Decades ago I drank to destroy the clarity of painful memories. Over the years after I put down that destructive compulsion I replaced it with healthy coping skills. Even so, the most sophisticated cognitive-behavioral applications can’t address the issue of forgiveness*. As long as I’m resentful, whether towards others or myself, I’m not at peace. During that hour my burden is lightened. It’s not just an attitude adjustment; it’s healing. I change.
In a crazy, ever-changing world, I can count on it.
There’s comfort in familiarity and having rituals that help ground me while elevating me spiritually. The Lord’s Prayer has special significance for me, yet left to my own devices I don’t stop to pray because I’m “too busy”. On Sunday morning, time becomes sacred and it’s not taken for granted. I’m humbled and appreciate the need to keep praying.
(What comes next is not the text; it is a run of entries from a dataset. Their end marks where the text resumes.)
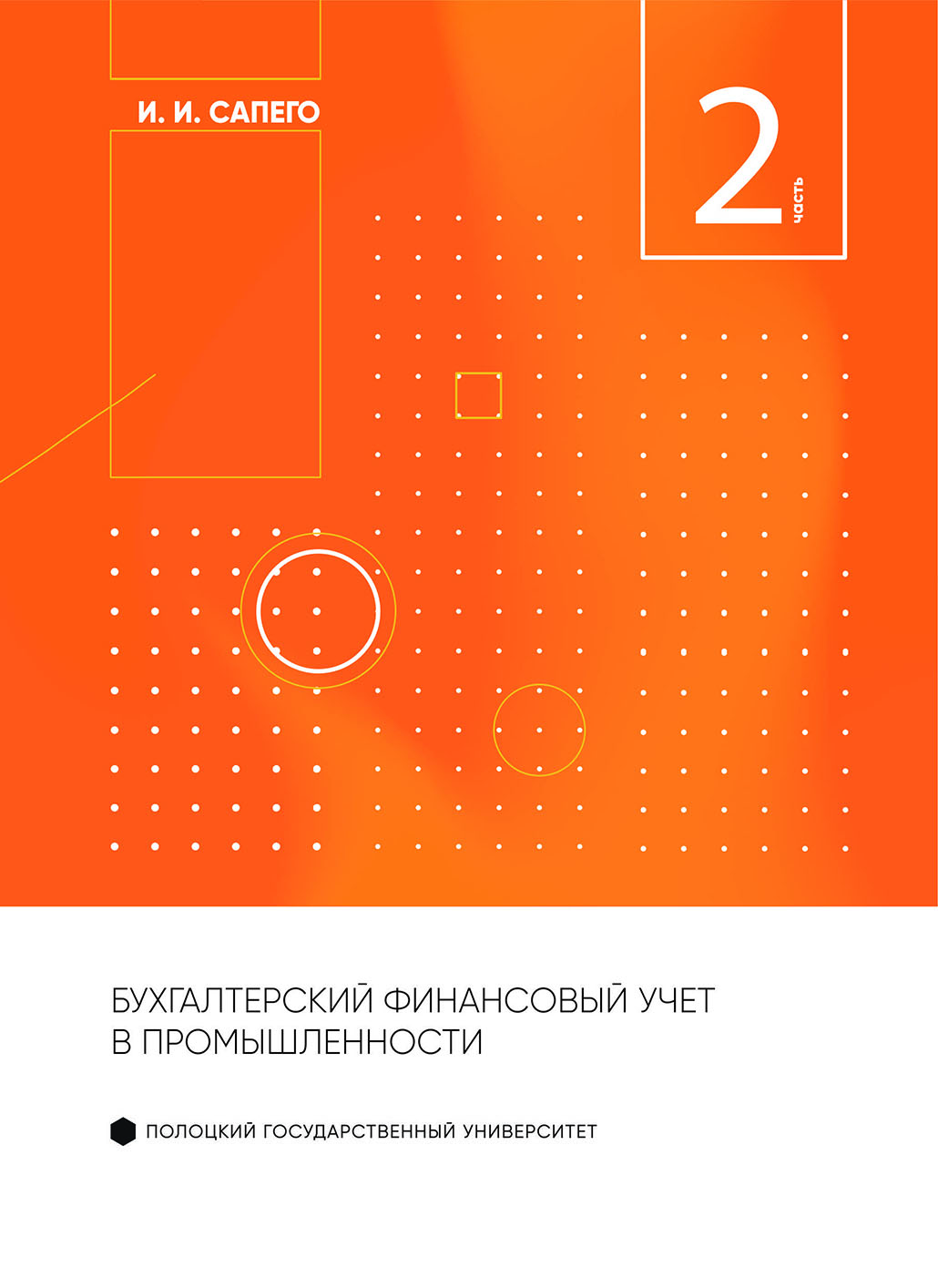 Бухгалтерский финансовый учет  в промышленности ч.2 1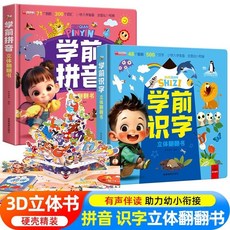 【2件9.8折】學前拚音識字立體書兒童3d立體書幼小銜接翻翻書幼兒早敎認知啟懞【椰子圖書 】, 學前拼音【單本】,精裝3D立體書-大開本
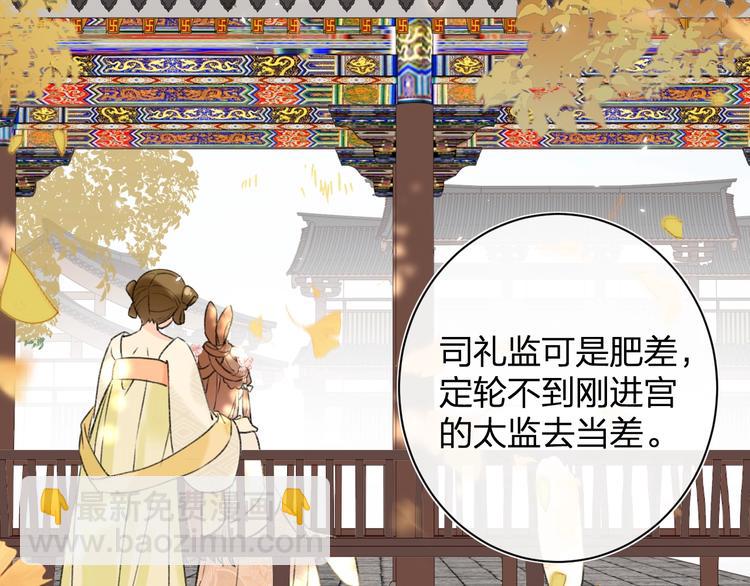 退退退退下！ - 第14話 提督你就寵公主吧！(2/3) - 2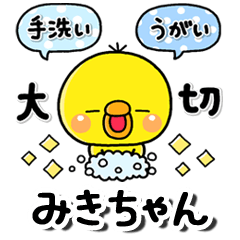 [LINEスタンプ] 無難な【みきちゃん】専用のぴっぴ気遣い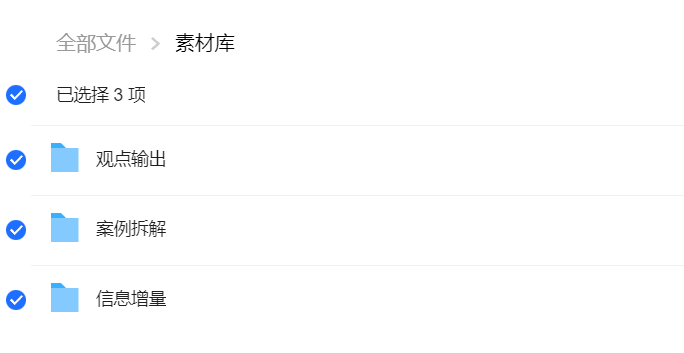 近100万公众号软文投放经验分享,如何在1个月内降低50%获客成本?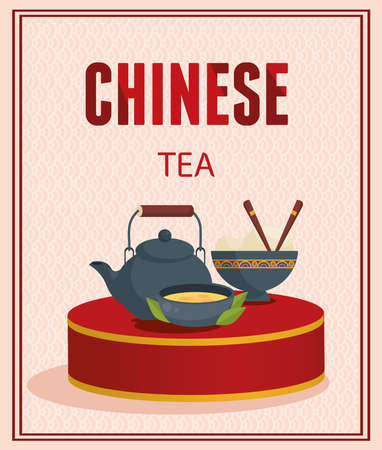 china culture teaのイラスト素材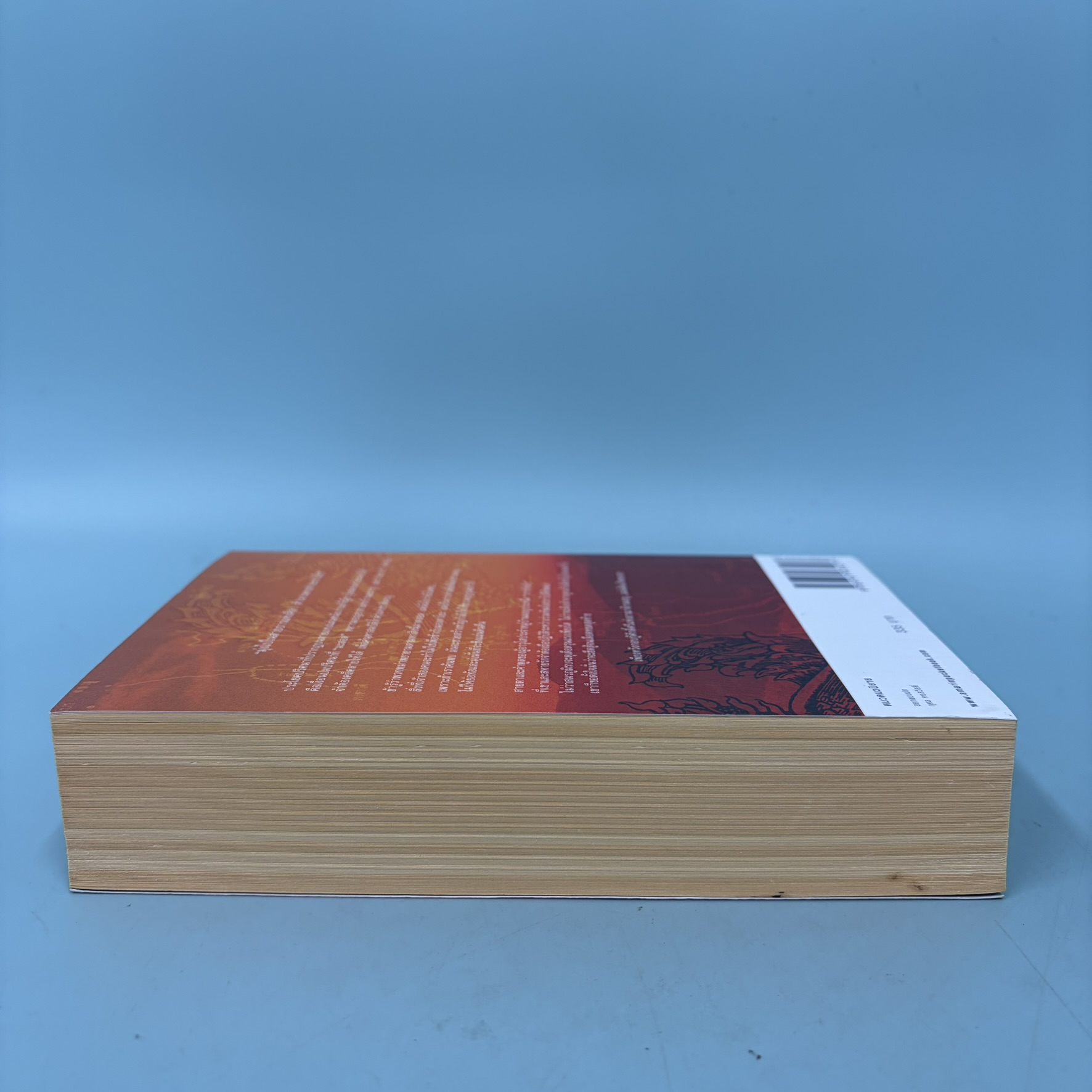 หงสารามัญ / มือสอง / ราชศักดิ์ / สำนักพิมพ์ อรุณ / นวนิยาย นิยายไทย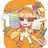 えと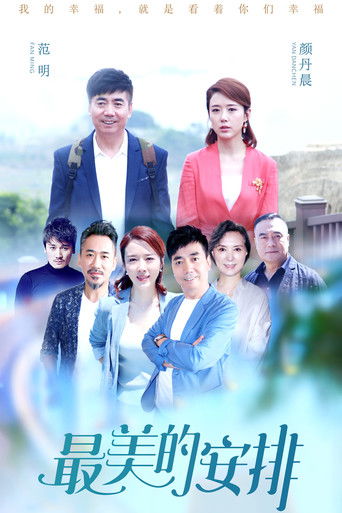 The Most Beautiful Arrangement poster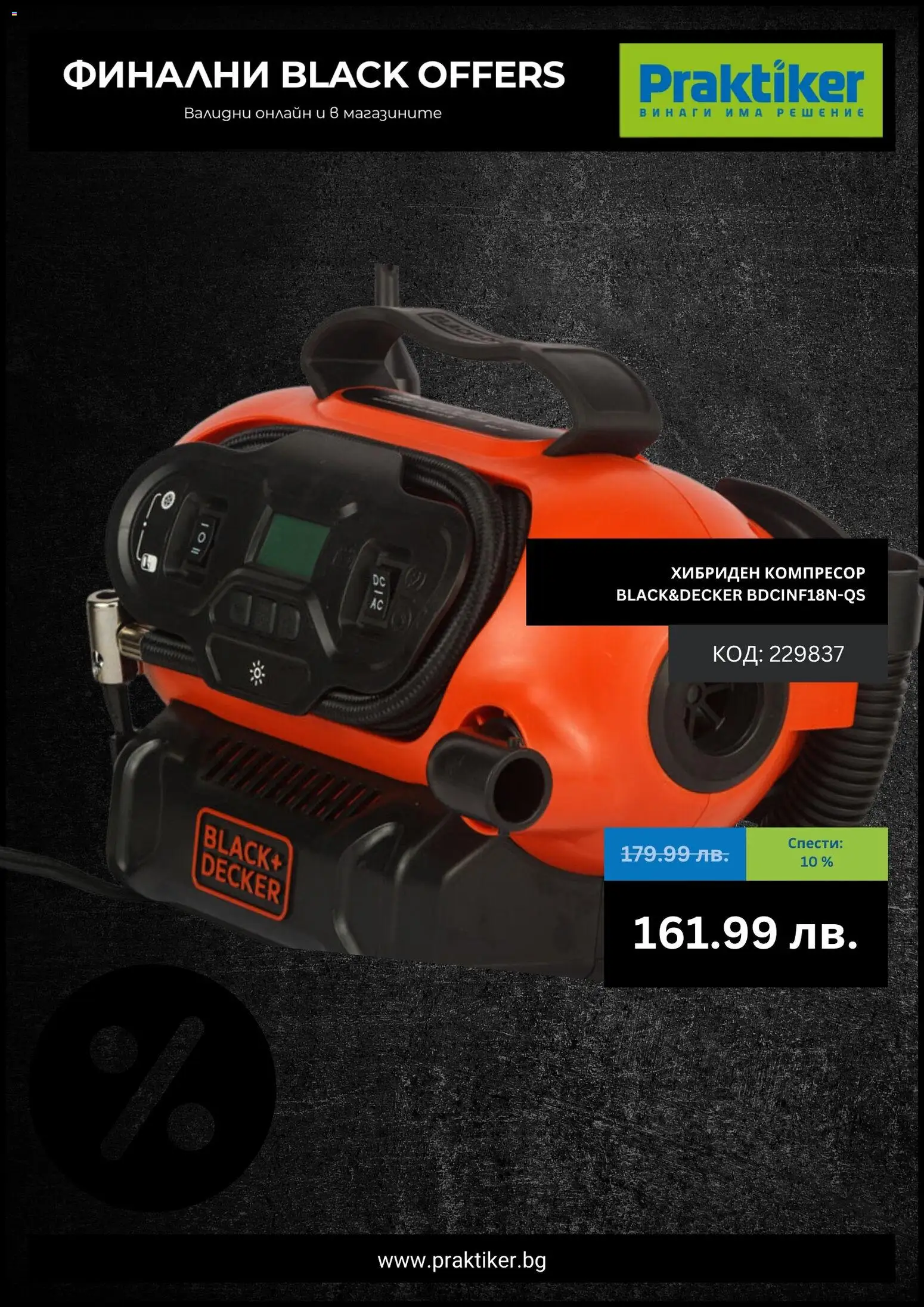 {H1} | Страница: 7 | Продукти: Компресор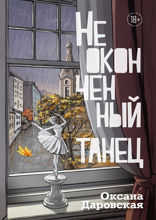 Неоконченный танец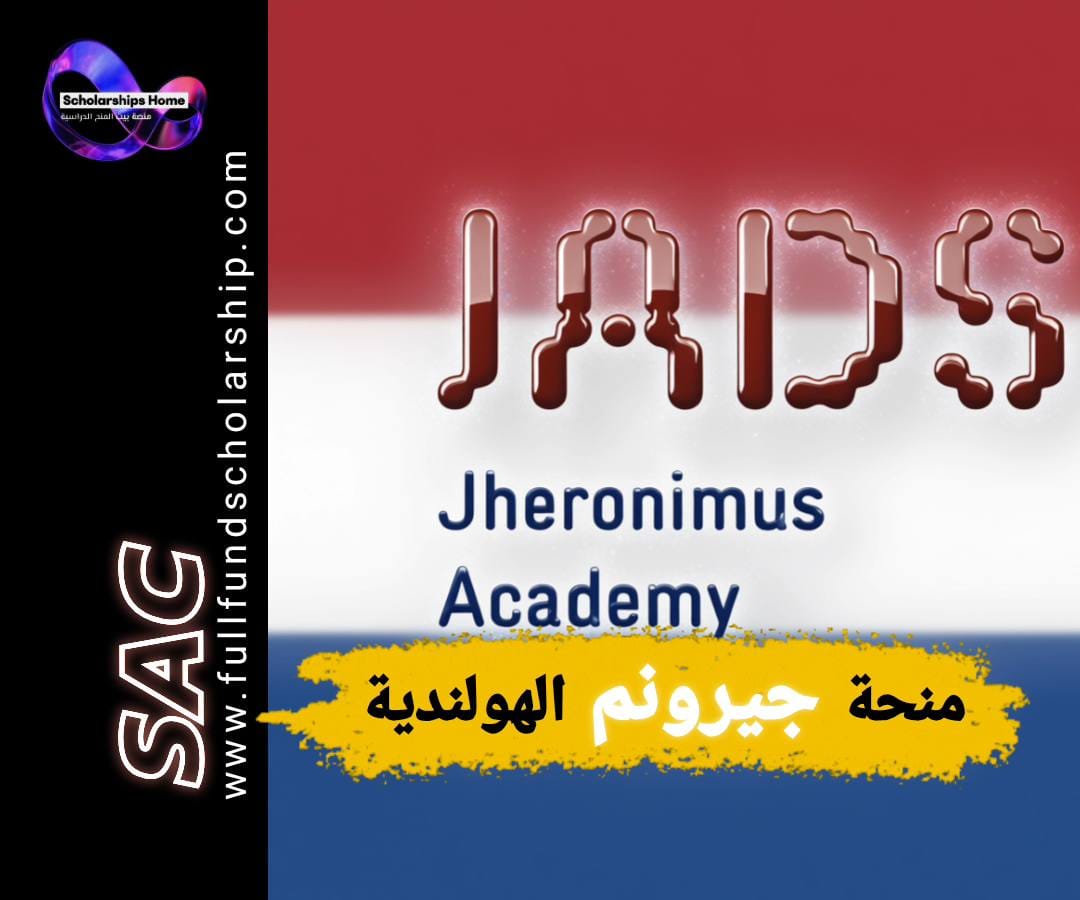 منحة JADS, منحة هولندا, الدراسة في هولندا, ماجستير علوم البيانات, ريادة الأعمال, Jheronimus Academy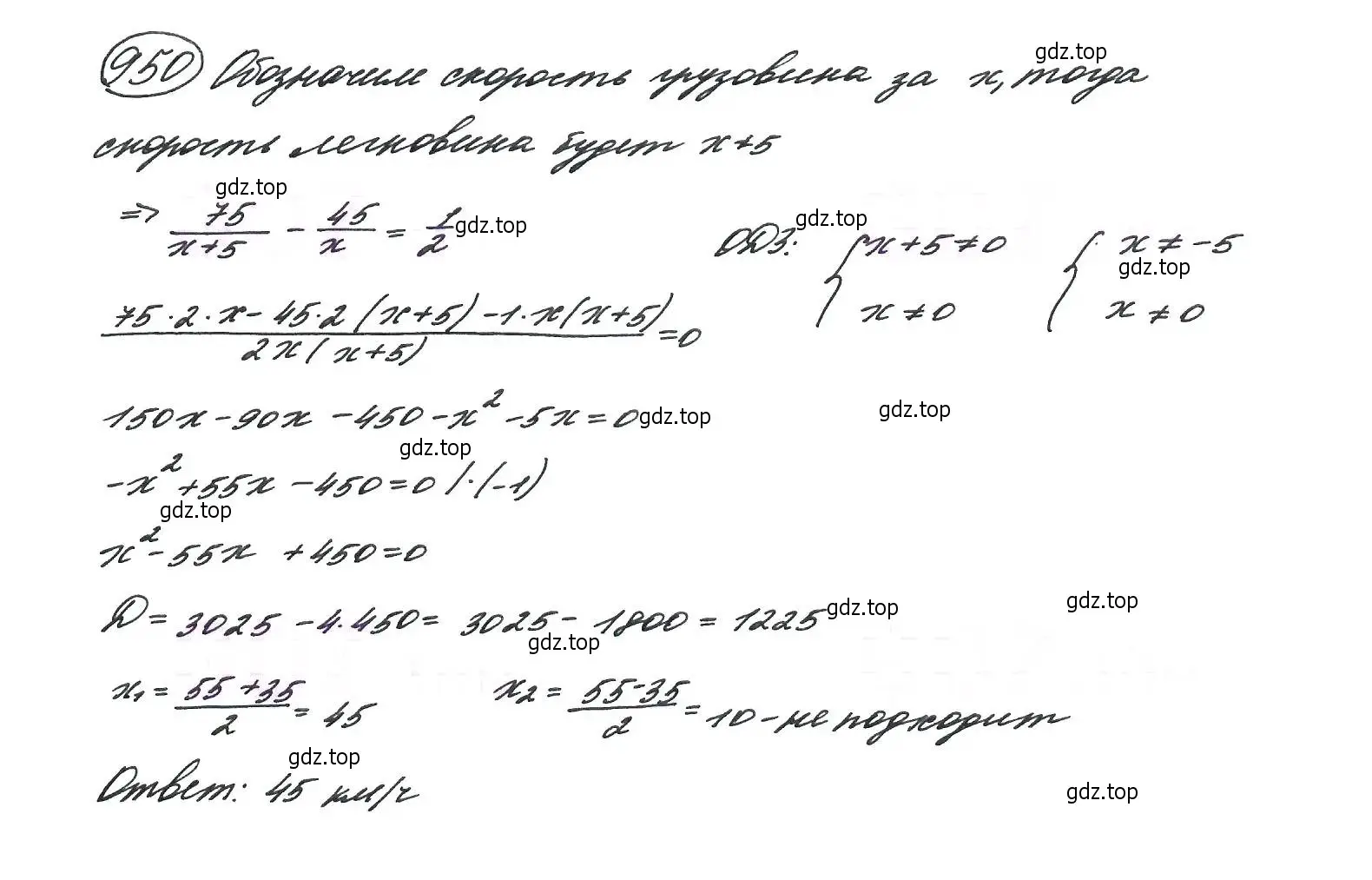 Решение 7. номер 950 (страница 230) гдз по алгебре 9 класс Макарычев, Миндюк, учебник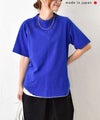  her.｜ロックステッチ入り天竺Tee 半袖 (Short Sleeve)-パック入り [[131231PK-A]][C]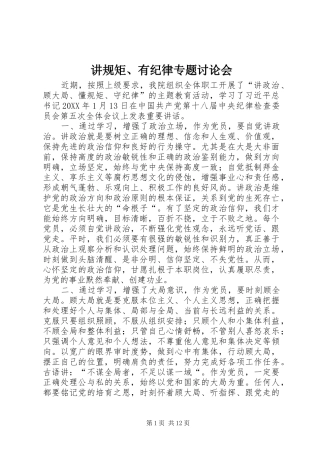 讲规矩有纪律专题讨论会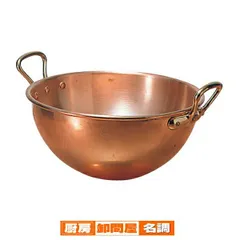 【おおわらいさま専用】銅鍋　中古　36cm ジャムボウル　mauviel 91J+4U4A57L._UF350,350_QL80_.jpg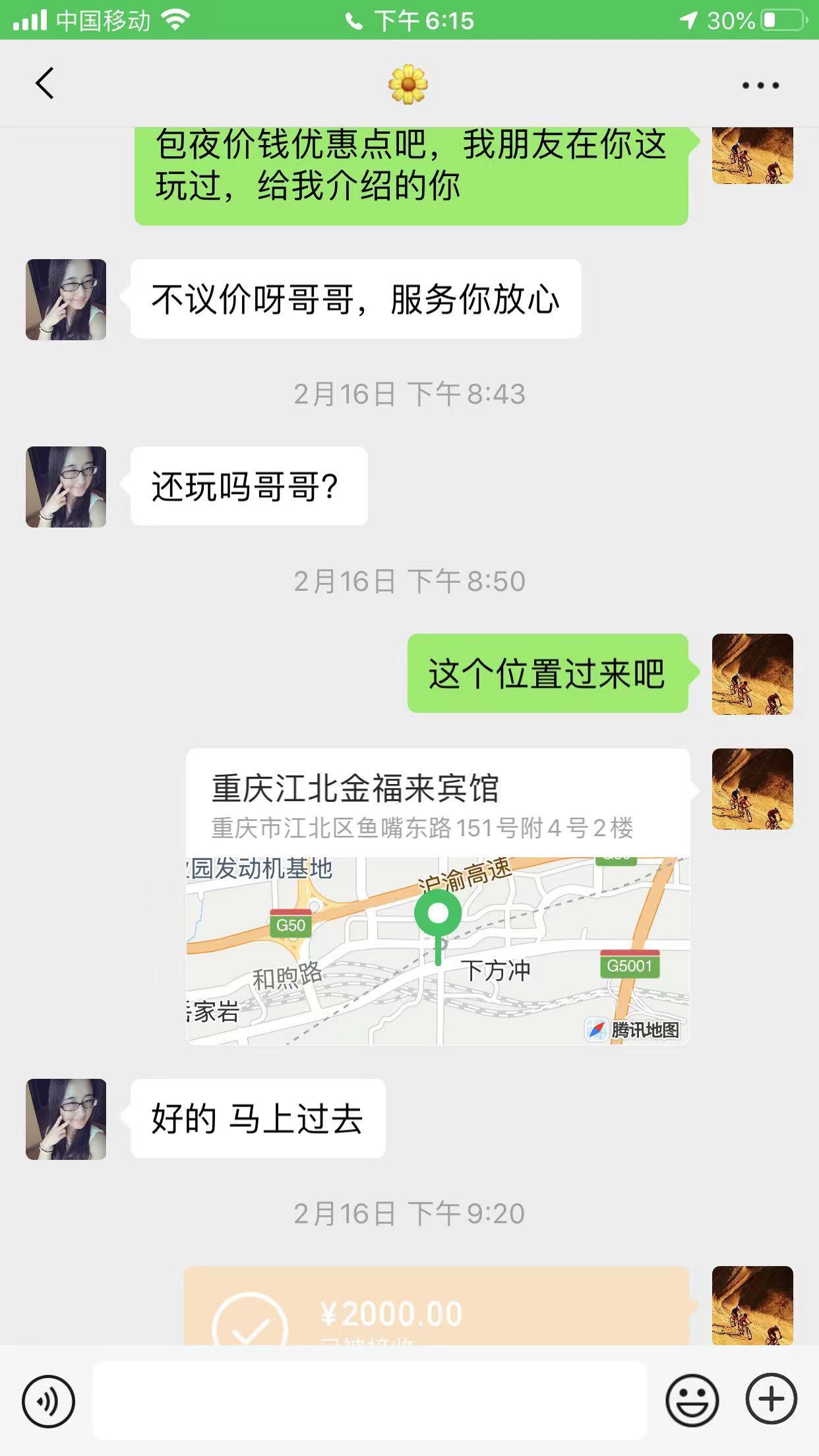 江北区眼镜小嫩妹水很多 第5张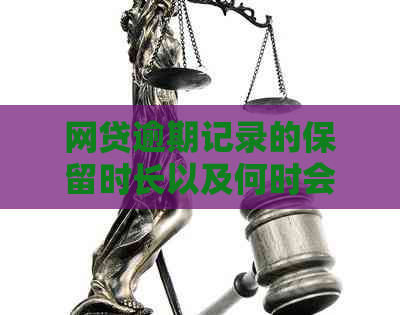 网贷逾期记录的保留时长以及何时会被列入黑名单？详细了解各种因素！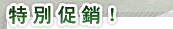 特別促銷！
I love the candles, stained glass and open space.
It’s a vastly different view from what I look at the rest of the week. Electronic distractions are banished from view. I feel a connection to simpler times in New England when people gathered to worship. Other than electric lighting, it seems timeless, especially when the (real) church bell rings.
Good sermons spark compassionate self-reflection.
Our rector, Rev. Timothy A. Boggs, is a gifted orator whose sermons inspire me. I always welcome the opportunity for self-improvement. It’s much easier to change when I can forgive myself not just for whatever it is I’m berating myself over and about, but forgive that I’m even doing it in the first place. Then I can forgive myself for my self-absorption and focus on how I can be a more compassionate person, especially towards those I was resenting.
Always forgive your enemies; nothing annoys them so much.
It’s something Wayne and I enjoy as a couple.
We bring our own copy of the Book of Common Prayer that we share during the service. We usher as a couple. On our way home from the service we reflect on the sermon together.
As for what we will be doing this morning instead of going to church, Wayne is catching up on some sleep and I’ll be baking a loaf of gluten-free bread from my own recipe which as always contains zero Xanthan gum or artifice. I tweak it every time and think I’m getting closer to having it become sandwich bread which is the holy grail of gluten-free baking!
*If you’ve been following my blog since last summer you know that Wayne and I did a Maine Episcopal Summer Chapel Tour. We have become members of St. Ann’s in Kennebunkport so it is now our summer church. In addition to St. Ann’s we will visit with some of the friends we made at the other chapels.
**I know forgiveness is a very charged word. I wanted nothing to do with it for most of my life. It does not mean to forget, nor does it mean the absence of healthy boundary-setting and consequences. I have a lot to share about this topic at a future time.